Previously, we brought you seven problems commonly faced by online merchants as well as a few avenues you could take to avoid them. Here we’re bringing you nine more. These are all issues commonly faced by those who sell online, and every one of them is avoidable. From a lack of payment gateways to confusing or nonspecific category pages, here are even more problems faced by online businesses. Heed our advice and don’t let these troubles catch you unaware.
1. Your Online Store Is Peppered With Technical Glitches
A site that has technical trouble is going to encounter many issues. Two of the most important are that UX and UI will suffer drastically and that a site’s search engine optimization will suffer as well.

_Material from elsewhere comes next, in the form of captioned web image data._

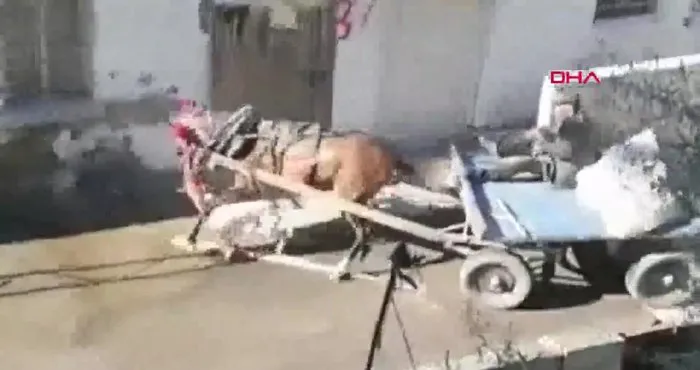 Adana’da pitbull dehşeti kamerada! Ağzına saldırıp kanlar içinde bıraktı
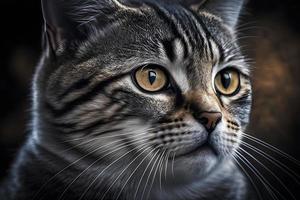 Portrait of a beautiful gray striped cat close up photography photo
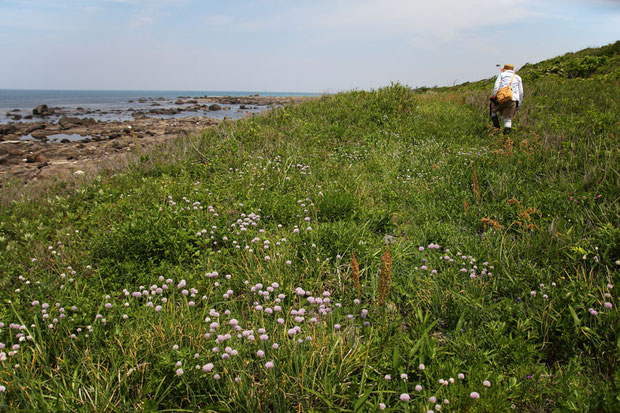 海岸近くの土砂が堆積した場所に、アサツキが群生していた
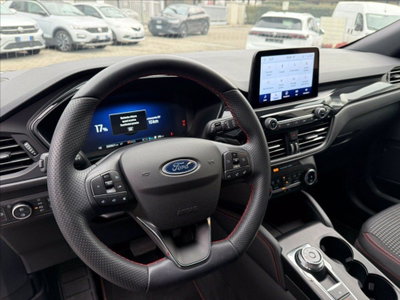 Ford Kuga 2.5 Plug In Hybrid 225 CV CVT 2WD (10)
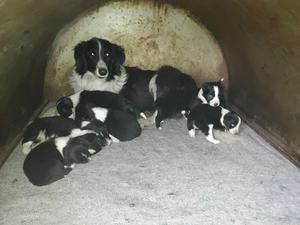 vendo cachorros border collie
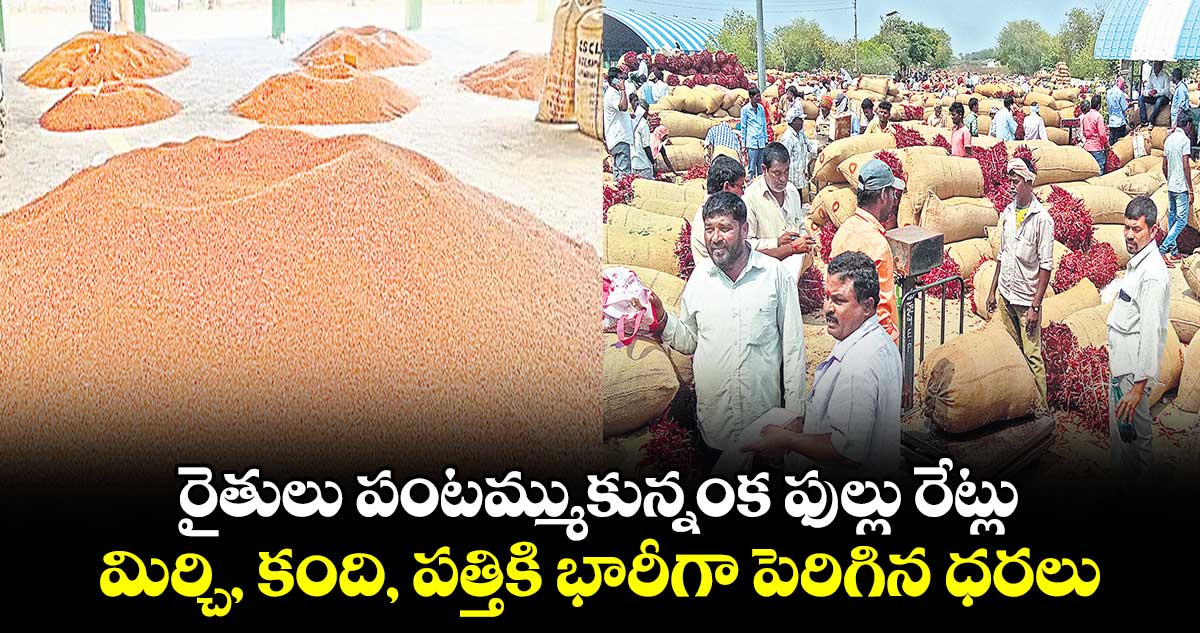 రైతులు పంటమ్ముకున్నంక ఫుల్లు రేట్లు.. మిర్చి, కంది, పత్తికి భారీగా పెరిగిన ధరలు
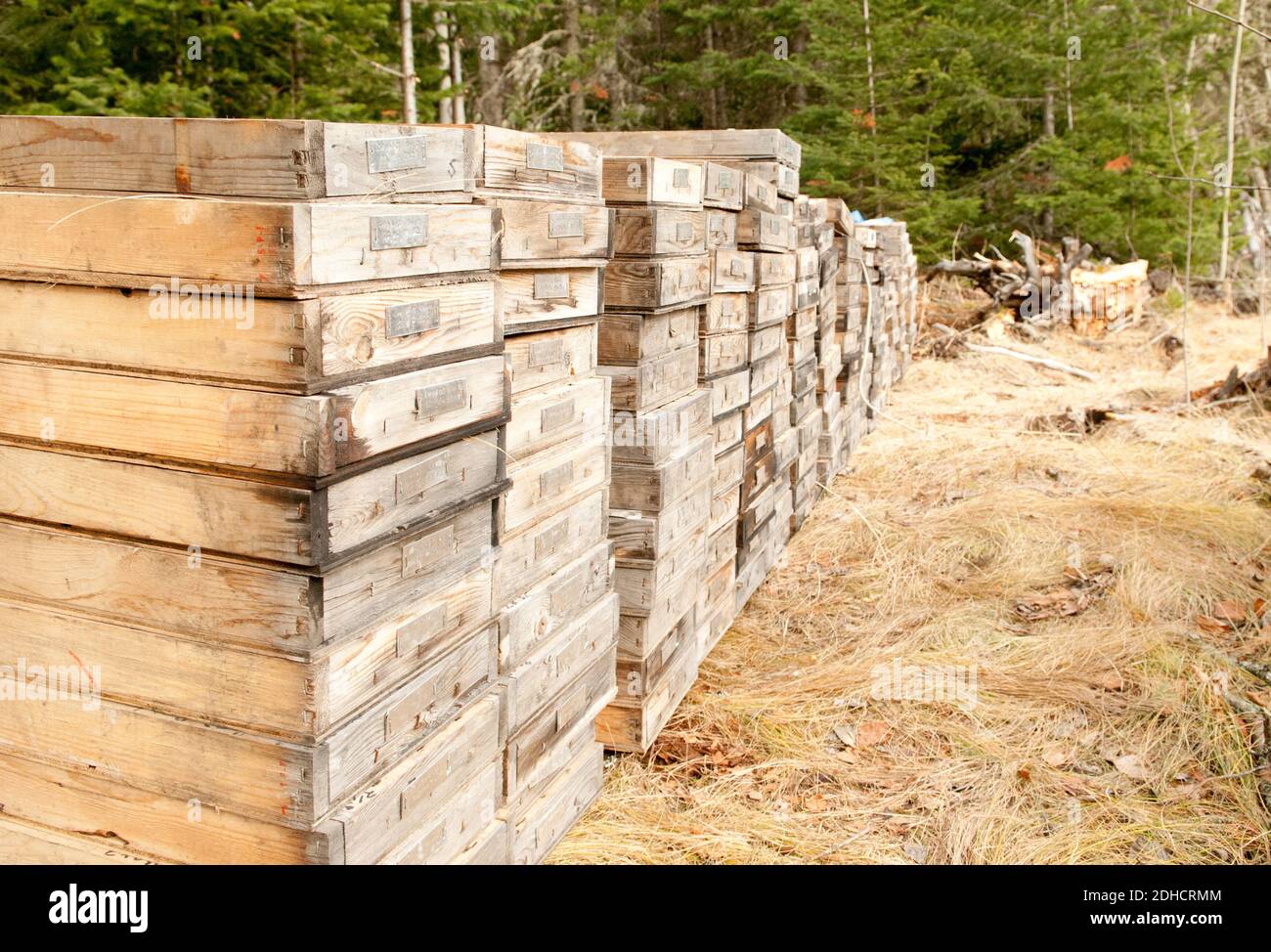 mining core samples from test drilling rigs Stock Photo Alamy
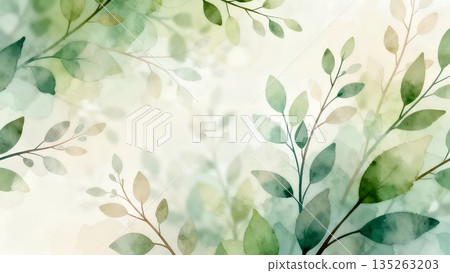 Watercolor botanical background: Soft pastel green plant wallpaper 135263203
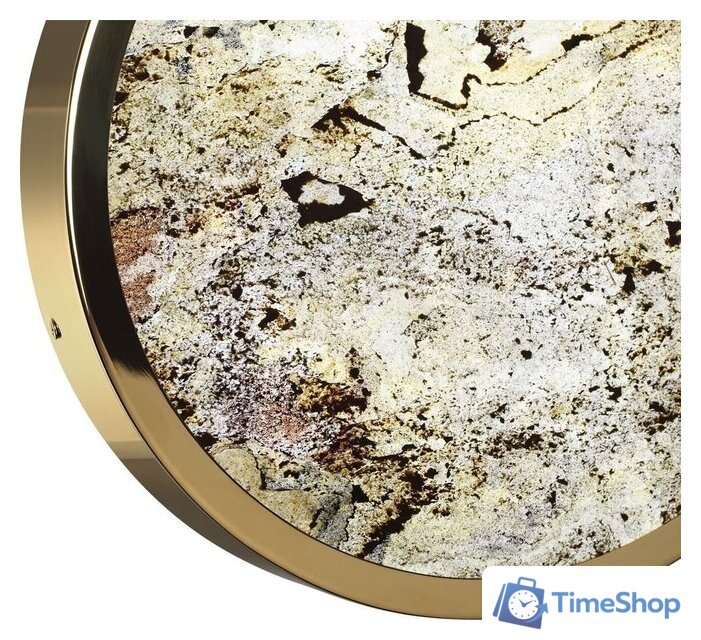 Бра Odeon Light Bergi 5079/24L - Изображение №4 — Интернет-магазин Time-Shop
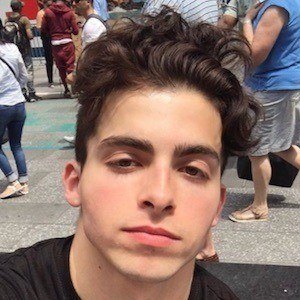 tyler lacona tyler lacona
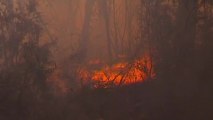 Bushfire burns west of Sydney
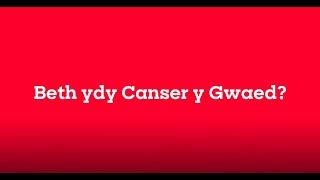Blood cancer information in Welsh | Gwybodaeth am ganser y gwaed yn Gymraeg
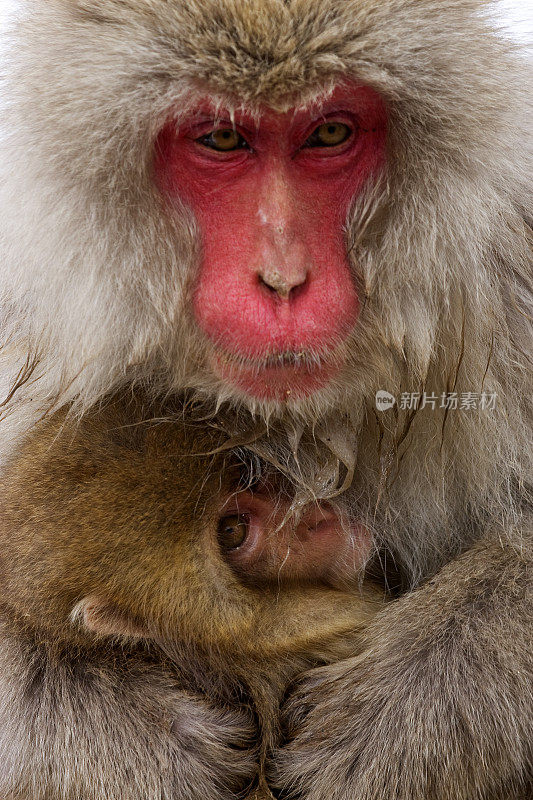 红脸的雪猴妈妈抱在怀里
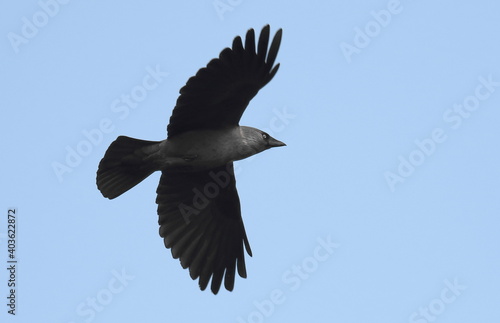 Jackdaw in flight background, Corvus monedula © dule964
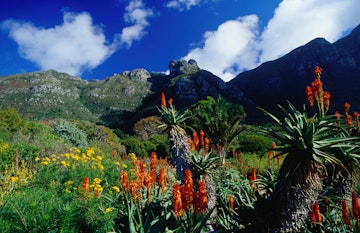 Flowers in the Kirstenbosch Botanic Gardens below Table Mountain.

Sites that are troubled by technical errors are a real bear to navigate and they just smack of untrustworthiness. After all, most of us are aware that it’s 2020 and see technical issues as a thing of the past. At the very least, most customers expect companies to spend adequately to do away with glitches, broken links and other technical problems.
Then there’s the fact that all of these issues will be recognized by search engines and will probably hurt your rankings. A simple audit of your site will uncover many of them, so there’s really no excuse for letting them persist. Just as an example, we here at 1Digital Agency will offer you a free website audit that will help uncover technical issues that can usually be easily fixed.
2. Your Online Shop Doesn’t Offer Enough Payment Gateways
As if technical problems weren’t enough to turn customers away, a site that doesn’t offer adequate payment gateways can be a real turn off and hurt conversions. No one wants to begin a checkout process only to find out that your website won’t accept their favorite credit card. It sure doesn’t help if you won’t accept any of their credit cards.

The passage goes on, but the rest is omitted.